═════ WORKING DATA ═════

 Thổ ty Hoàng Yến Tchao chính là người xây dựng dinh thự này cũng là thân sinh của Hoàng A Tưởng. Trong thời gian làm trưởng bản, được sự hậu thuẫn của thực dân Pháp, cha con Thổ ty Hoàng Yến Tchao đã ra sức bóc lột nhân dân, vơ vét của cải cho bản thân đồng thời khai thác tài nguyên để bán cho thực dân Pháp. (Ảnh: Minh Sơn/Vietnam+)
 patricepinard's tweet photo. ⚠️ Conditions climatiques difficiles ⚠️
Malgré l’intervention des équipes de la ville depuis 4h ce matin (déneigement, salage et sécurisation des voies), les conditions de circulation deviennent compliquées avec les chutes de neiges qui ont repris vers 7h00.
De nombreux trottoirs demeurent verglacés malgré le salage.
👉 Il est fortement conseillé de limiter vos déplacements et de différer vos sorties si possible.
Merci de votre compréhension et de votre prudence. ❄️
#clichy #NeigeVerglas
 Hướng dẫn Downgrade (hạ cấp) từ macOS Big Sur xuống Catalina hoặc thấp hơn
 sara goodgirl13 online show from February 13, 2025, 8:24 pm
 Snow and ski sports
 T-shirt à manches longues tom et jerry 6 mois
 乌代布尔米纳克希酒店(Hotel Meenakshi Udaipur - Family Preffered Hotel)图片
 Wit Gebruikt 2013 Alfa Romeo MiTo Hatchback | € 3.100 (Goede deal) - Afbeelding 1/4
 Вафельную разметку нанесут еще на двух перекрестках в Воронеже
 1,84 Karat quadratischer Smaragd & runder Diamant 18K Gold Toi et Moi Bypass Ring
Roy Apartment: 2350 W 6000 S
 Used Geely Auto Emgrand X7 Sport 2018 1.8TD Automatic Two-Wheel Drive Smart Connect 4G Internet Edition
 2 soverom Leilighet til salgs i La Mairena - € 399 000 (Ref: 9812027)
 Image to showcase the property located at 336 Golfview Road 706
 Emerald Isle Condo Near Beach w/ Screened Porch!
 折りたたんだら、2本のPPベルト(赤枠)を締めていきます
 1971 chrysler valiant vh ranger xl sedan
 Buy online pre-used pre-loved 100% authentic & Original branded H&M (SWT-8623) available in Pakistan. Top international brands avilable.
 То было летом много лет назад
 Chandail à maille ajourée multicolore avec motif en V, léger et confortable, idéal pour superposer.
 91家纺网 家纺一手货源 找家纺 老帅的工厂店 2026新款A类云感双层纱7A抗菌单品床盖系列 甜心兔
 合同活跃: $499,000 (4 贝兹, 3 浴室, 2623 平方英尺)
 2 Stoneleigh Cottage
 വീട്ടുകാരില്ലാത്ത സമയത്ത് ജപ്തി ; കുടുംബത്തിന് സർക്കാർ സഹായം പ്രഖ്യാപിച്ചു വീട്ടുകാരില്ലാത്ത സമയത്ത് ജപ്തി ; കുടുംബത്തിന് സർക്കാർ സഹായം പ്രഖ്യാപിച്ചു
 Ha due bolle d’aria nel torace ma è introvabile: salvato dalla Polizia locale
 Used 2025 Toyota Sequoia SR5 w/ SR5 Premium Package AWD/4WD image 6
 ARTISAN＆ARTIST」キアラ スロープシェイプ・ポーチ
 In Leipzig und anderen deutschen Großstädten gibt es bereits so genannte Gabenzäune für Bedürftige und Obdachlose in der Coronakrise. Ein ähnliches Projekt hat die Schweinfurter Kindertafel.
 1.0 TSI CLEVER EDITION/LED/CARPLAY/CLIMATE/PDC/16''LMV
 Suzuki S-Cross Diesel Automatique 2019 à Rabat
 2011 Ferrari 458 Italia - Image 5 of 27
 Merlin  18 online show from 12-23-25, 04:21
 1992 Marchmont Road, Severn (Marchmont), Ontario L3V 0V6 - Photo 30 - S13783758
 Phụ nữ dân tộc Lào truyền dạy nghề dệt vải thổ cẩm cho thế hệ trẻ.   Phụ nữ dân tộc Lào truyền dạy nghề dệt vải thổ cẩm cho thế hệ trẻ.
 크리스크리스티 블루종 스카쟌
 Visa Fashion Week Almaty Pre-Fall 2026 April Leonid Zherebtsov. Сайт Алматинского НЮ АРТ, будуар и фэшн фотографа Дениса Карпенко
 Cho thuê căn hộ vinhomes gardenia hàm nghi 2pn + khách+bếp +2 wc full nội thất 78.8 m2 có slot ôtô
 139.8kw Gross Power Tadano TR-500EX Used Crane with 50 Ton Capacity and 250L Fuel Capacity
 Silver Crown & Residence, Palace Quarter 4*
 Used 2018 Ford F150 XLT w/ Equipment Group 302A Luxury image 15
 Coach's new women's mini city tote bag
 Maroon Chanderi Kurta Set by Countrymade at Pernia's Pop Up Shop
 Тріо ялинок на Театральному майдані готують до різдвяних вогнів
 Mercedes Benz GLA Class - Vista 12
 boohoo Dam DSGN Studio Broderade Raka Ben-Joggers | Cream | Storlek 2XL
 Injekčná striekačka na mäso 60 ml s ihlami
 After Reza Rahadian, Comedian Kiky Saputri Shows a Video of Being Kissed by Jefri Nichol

═════

* **EXERCISE**
Your answer should be the whole listing above, repeated exactly as it appears.

* **RESULT**
 Thổ ty Hoàng Yến Tchao chính là người xây dựng dinh thự này cũng là thân sinh của Hoàng A Tưởng. Trong thời gian làm trưởng bản, được sự hậu thuẫn của thực dân Pháp, cha con Thổ ty Hoàng Yến Tchao đã ra sức bóc lột nhân dân, vơ vét của cải cho bản thân đồng thời khai thác tài nguyên để bán cho thực dân Pháp. (Ảnh: Minh Sơn/Vietnam+)
 patricepinard's tweet photo. ⚠️ Conditions climatiques difficiles ⚠️
Malgré l’intervention des équipes de la ville depuis 4h ce matin (déneigement, salage et sécurisation des voies), les conditions de circulation deviennent compliquées avec les chutes de neiges qui ont repris vers 7h00.
De nombreux trottoirs demeurent verglacés malgré le salage.
👉 Il est fortement conseillé de limiter vos déplacements et de différer vos sorties si possible.
Merci de votre compréhension et de votre prudence. ❄️
#clichy #NeigeVerglas
 Hướng dẫn Downgrade (hạ cấp) từ macOS Big Sur xuống Catalina hoặc thấp hơn
 sara goodgirl13 online show from February 13, 2025, 8:24 pm
 Snow and ski sports
 T-shirt à manches longues tom et jerry 6 mois
 乌代布尔米纳克希酒店(Hotel Meenakshi Udaipur - Family Preffered Hotel)图片
 Wit Gebruikt 2013 Alfa Romeo MiTo Hatchback | € 3.100 (Goede deal) - Afbeelding 1/4
 Вафельную разметку нанесут еще на двух перекрестках в Воронеже
 1,84 Karat quadratischer Smaragd & runder Diamant 18K Gold Toi et Moi Bypass Ring
Roy Apartment: 2350 W 6000 S
 Used Geely Auto Emgrand X7 Sport 2018 1.8TD Automatic Two-Wheel Drive Smart Connect 4G Internet Edition
 2 soverom Leilighet til salgs i La Mairena - € 399 000 (Ref: 9812027)
 Image to showcase the property located at 336 Golfview Road 706
 Emerald Isle Condo Near Beach w/ Screened Porch!
 折りたたんだら、2本のPPベルト(赤枠)を締めていきます
 1971 chrysler valiant vh ranger xl sedan
 Buy online pre-used pre-loved 100% authentic & Original branded H&M (SWT-8623) available in Pakistan. Top international brands avilable.
 То было летом много лет назад
 Chandail à maille ajourée multicolore avec motif en V, léger et confortable, idéal pour superposer.
 91家纺网 家纺一手货源 找家纺 老帅的工厂店 2026新款A类云感双层纱7A抗菌单品床盖系列 甜心兔
 合同活跃: $499,000 (4 贝兹, 3 浴室, 2623 平方英尺)
 2 Stoneleigh Cottage
 വീട്ടുകാരില്ലാത്ത സമയത്ത് ജപ്തി ; കുടുംബത്തിന് സർക്കാർ സഹായം പ്രഖ്യാപിച്ചു വീട്ടുകാരില്ലാത്ത സമയത്ത് ജപ്തി ; കുടുംബത്തിന് സർക്കാർ സഹായം പ്രഖ്യാപിച്ചു
 Ha due bolle d’aria nel torace ma è introvabile: salvato dalla Polizia locale
 Used 2025 Toyota Sequoia SR5 w/ SR5 Premium Package AWD/4WD image 6
 ARTISAN＆ARTIST」キアラ スロープシェイプ・ポーチ
 In Leipzig und anderen deutschen Großstädten gibt es bereits so genannte Gabenzäune für Bedürftige und Obdachlose in der Coronakrise. Ein ähnliches Projekt hat die Schweinfurter Kindertafel.
 1.0 TSI CLEVER EDITION/LED/CARPLAY/CLIMATE/PDC/16''LMV
 Suzuki S-Cross Diesel Automatique 2019 à Rabat
 2011 Ferrari 458 Italia - Image 5 of 27
 Merlin  18 online show from 12-23-25, 04:21
 1992 Marchmont Road, Severn (Marchmont), Ontario L3V 0V6 - Photo 30 - S13783758
 Phụ nữ dân tộc Lào truyền dạy nghề dệt vải thổ cẩm cho thế hệ trẻ.   Phụ nữ dân tộc Lào truyền dạy nghề dệt vải thổ cẩm cho thế hệ trẻ.
 크리스크리스티 블루종 스카쟌
 Visa Fashion Week Almaty Pre-Fall 2026 April Leonid Zherebtsov. Сайт Алматинского НЮ АРТ, будуар и фэшн фотографа Дениса Карпенко
 Cho thuê căn hộ vinhomes gardenia hàm nghi 2pn + khách+bếp +2 wc full nội thất 78.8 m2 có slot ôtô
 139.8kw Gross Power Tadano TR-500EX Used Crane with 50 Ton Capacity and 250L Fuel Capacity
 Silver Crown & Residence, Palace Quarter 4*
 Used 2018 Ford F150 XLT w/ Equipment Group 302A Luxury image 15
 Coach's new women's mini city tote bag
 Maroon Chanderi Kurta Set by Countrymade at Pernia's Pop Up Shop
 Тріо ялинок на Театральному майдані готують до різдвяних вогнів
 Mercedes Benz GLA Class - Vista 12
 boohoo Dam DSGN Studio Broderade Raka Ben-Joggers | Cream | Storlek 2XL
 Injekčná striekačka na mäso 60 ml s ihlami
 After Reza Rahadian, Comedian Kiky Saputri Shows a Video of Being Kissed by Jefri Nichol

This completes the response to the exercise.